Please, come and stay.

By Griffen HelmPublished 9 months ago 3 min read
1

I’ll often stand beneath the rain. It feels like a soothing balm gently calming the torrent that often crashes through my life. I used to think of it as purifying, that it could wash away every harsh memory entrenched in the fibres of my being; but that was impossible.

Instead, I take it merely as is: an edgeless formless mass, softly and cooly trailing the rain dots' sweet mist patterns across my skin. I never expect the rain to visit; it's a mindset that strikes me randomly, the desire to be soaked, to be swaddled by the basics of nature. When I was a child one of the few times I would be excited to ever go outside was sporadic torrential rains; storms that would turn our streets into shallow rivers.

Now as an adult, I often never intentionally dive out into a storm, preferring to listen to that pittering cacophony rap against the window panes from within my warm apartment. But, often, the rain still finds a way to draw me out, rushing out from its hiding spot with no warning or slyly slinking away for minutes at a time before returning with a vengeance. At these times It’ll catch me outdoors, far away from home and shelter. I’ll usually be with my dog, in sandals and wearing the most bare of clothing. And usually, it’ll find me in some contemptuous cantankerous mindest fit only for Ebenezer Scrooge or Lex Luthor, only to softly - yet firmly- slap me out of the cavernous divulges of my brain and into the earthy smelling expanse of London's better half.

There I find myself hunkered beneath a tree, soaked to the soul alongside my dog, panting and smiling with the effort to find even this minor shelter. Much like the water, I feel my senses absorb my surroundings, the aforementioned earthy smell of the dirt struck from heaven. The samba dance of trees in the wind, the panicked and energetic faces of my fellow persons as they scurry to and fro from house to car or car to business.
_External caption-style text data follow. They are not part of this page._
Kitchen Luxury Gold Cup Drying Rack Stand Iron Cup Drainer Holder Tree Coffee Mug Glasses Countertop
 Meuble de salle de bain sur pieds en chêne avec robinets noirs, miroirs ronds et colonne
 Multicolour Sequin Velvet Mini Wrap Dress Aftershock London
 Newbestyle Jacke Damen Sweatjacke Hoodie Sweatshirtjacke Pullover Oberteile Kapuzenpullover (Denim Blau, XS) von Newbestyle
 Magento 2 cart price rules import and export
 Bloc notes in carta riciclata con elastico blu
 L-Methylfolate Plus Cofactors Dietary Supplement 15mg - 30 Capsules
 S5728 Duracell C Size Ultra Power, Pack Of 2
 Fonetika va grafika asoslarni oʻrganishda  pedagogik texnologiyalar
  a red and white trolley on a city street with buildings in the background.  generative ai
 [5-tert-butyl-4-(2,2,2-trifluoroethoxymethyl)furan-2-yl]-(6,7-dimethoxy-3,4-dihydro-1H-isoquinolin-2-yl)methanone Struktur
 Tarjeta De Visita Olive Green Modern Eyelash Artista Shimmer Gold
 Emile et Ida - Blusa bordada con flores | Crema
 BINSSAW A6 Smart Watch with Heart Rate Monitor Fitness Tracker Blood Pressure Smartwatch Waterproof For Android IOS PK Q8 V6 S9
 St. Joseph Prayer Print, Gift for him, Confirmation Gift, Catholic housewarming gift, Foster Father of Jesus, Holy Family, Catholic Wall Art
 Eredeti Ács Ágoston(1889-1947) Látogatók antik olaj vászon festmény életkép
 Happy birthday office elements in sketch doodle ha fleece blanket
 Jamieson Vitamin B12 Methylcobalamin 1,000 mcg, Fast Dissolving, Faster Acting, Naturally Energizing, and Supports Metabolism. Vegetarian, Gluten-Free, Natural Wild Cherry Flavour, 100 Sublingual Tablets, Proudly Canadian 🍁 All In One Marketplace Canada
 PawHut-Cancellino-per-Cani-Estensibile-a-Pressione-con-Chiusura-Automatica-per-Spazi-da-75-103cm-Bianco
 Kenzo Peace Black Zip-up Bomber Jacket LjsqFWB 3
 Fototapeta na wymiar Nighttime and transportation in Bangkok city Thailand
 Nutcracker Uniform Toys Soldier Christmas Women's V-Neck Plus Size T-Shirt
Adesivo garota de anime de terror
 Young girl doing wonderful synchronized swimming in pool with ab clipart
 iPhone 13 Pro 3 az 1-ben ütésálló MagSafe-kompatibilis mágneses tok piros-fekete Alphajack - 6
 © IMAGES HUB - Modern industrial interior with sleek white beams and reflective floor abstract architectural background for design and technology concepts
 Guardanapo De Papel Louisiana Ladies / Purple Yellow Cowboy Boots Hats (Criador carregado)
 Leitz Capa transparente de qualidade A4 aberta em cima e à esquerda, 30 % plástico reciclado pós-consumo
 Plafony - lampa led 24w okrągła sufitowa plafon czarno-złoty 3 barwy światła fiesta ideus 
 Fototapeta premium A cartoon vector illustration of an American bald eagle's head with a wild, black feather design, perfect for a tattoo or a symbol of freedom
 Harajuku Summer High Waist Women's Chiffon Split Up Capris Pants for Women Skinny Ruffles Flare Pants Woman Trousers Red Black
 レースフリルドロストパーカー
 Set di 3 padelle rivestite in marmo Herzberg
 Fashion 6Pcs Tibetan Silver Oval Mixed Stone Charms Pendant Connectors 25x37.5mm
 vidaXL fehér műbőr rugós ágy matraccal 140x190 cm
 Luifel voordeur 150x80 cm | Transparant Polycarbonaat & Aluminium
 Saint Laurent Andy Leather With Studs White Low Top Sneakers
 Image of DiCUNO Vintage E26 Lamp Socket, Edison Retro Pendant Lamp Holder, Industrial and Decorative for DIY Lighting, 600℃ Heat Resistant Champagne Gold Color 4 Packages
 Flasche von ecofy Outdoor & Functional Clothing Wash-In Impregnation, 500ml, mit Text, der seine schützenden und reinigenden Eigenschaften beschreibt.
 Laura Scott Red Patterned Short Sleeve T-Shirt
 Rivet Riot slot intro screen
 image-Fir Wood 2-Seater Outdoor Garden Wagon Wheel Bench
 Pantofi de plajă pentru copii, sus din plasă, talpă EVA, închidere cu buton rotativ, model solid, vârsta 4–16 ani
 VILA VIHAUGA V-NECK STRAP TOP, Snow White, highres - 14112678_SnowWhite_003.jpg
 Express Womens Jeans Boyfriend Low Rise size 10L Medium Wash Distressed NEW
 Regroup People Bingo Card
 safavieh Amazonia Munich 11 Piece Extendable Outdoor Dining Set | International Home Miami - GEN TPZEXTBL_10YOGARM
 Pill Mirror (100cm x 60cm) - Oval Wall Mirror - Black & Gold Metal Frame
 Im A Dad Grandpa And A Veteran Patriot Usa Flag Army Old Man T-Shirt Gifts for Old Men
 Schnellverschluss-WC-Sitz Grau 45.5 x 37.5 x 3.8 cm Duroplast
It would be wrong to say I come alive in the rain, however, I do feel more alive in the rain; or, rather, stop to pause and look.

Just... really look, no thoughts just emotion.

And what I’ve found, truly, through that is that without the burdens of my life, the responsibilities, the insecurities, the past mistakes; I am genuinely happy. And that's an oftentimes disturbing thought to myself, with everything that's wrong with the world how and why do I get to sit back and enjoy what is coming to me? We humans sit at the forefront of technical innovation and yet we still dramatically lack in the social and spiritual aspects of our culture - Not organized religion get that out of my fun rain time-.We are as disconnected as ever from each other and ourselves; our exploits often lead to mass humans and other animals suffering for little to no gain for the individual. I know this and still feel like neither don’t know enough to fight it and yet I don’t do nearly enough currently to combat it.

But none of that matters to me in the rain; it doesn’t matter to me when I let the cool spring of tap water wash over my hands after a long day; it doesn’t matter to me when I close my eyes in a torrent of a lukewarm shower nozzle.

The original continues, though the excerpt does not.